One very surprising thing I have learnt about git is that it is intuitive for some people. Whereas maybe half of its users, including me, will never really get it, even after decades of use. So I am also skeptical about broad claims of intuitiveness.
I think the problem of creating a truly user friendly distributed version control system CLI is enormously challenging and requires a lot of deep thought if it is going to meet the needs of a wide range of software development practices. Looking at the DESIGN.md does not convince me they have gone deep enough in that analysis.
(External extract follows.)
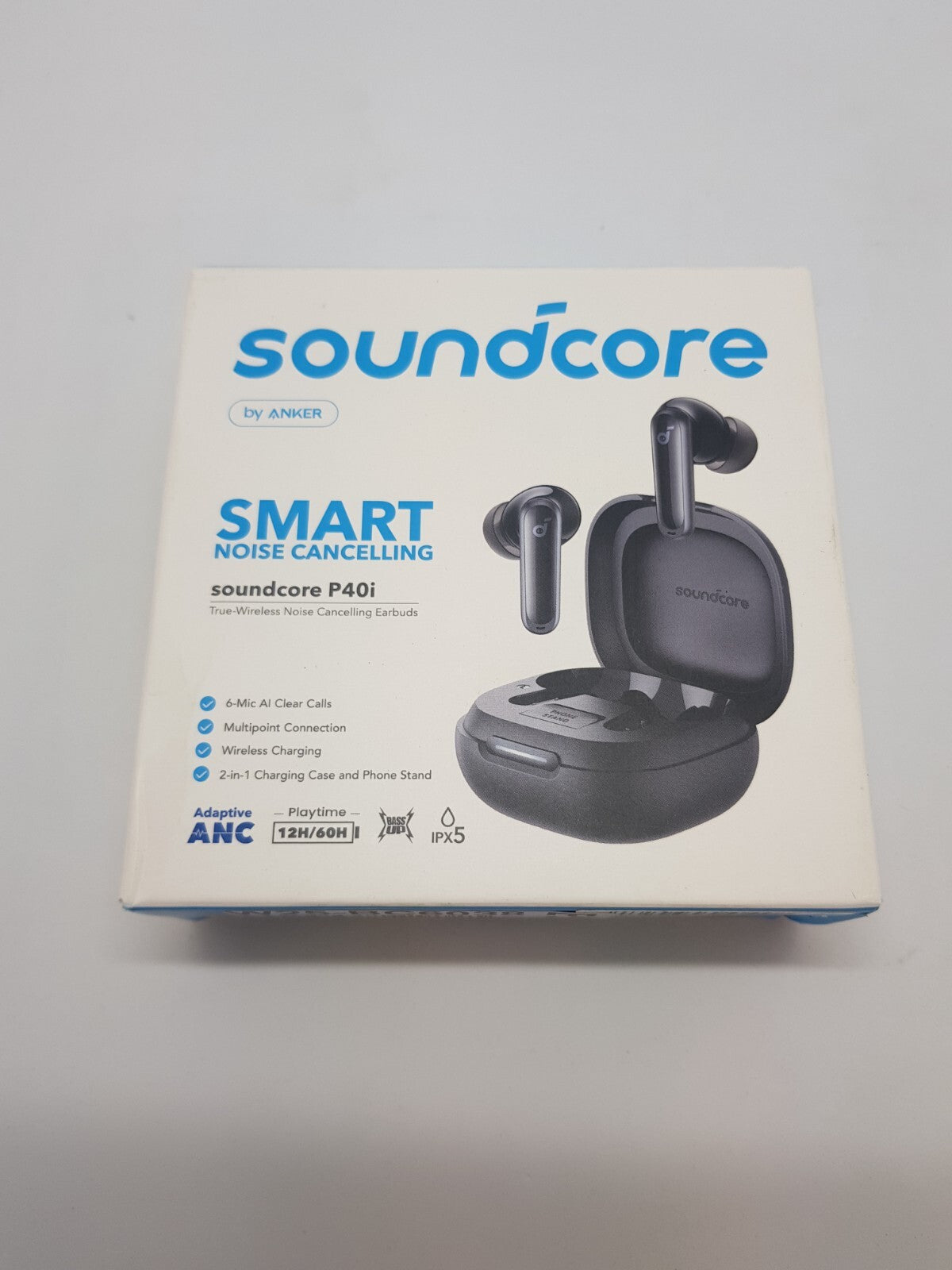 soundcore P40i by Anker,B-Ware, Neuwertig,3/10/6038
It has a bit of a blase "it's just common sense that it should work like this!" and I'm pretty certain it's not so easy.
I think they may be too quickly assuming that there's never a need for long-lived branches. For example, for any company (like mine) that does on-prem deployments, we need to support old versions for an extended period of time by backporting security and bug fixes. This is naturally supported in git by creating a branch for each release, and I'd be curious how evo is thinking about that problem.
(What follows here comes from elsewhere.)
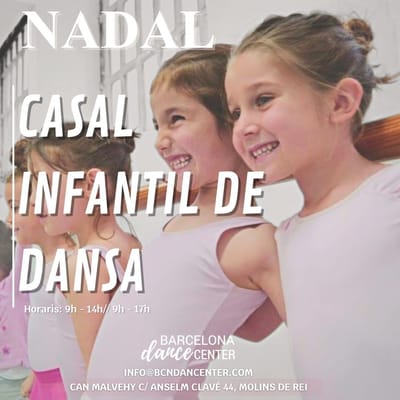 Actividad - Casal Nadal Infantil de Dansa Barcelona Dance Center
> Yeah. I do wish git added multiple named stages to keep this sort of thing a lot more organized.
You mean commits? You know that you can easily edit, reorder, squash, split, rename and reorganize them into separate branches before you push them anywhere, right?
No I don't mean commits. The UX is different and it would be really cumbersome to try to split work in progress code.
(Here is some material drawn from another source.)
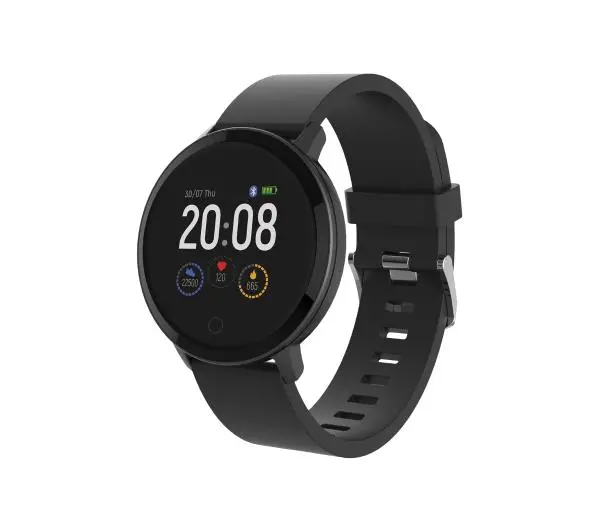Smartwatch Forever ForeVive Lite SB-315 Czarny (SB-315_B)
What would be the suggested solution? Make two empty commits and the cherry pick change chunks into each? Then to shelve/stash a change you need to make a new branch and cherry pick back? Sounds really cumbersome compared to the current staging workflow.
Making many wip commits with small chunks and then squashing and/or splitting them into proper sharable commits once I'm done is my usual mode of operation whenever a single staging area is not enough for what I'm working on. `git rebase -i` makes it a breeze. I'm trying to imagine what multiple named staging areas would bring into the picture there that isn't already provided by commits and I struggle.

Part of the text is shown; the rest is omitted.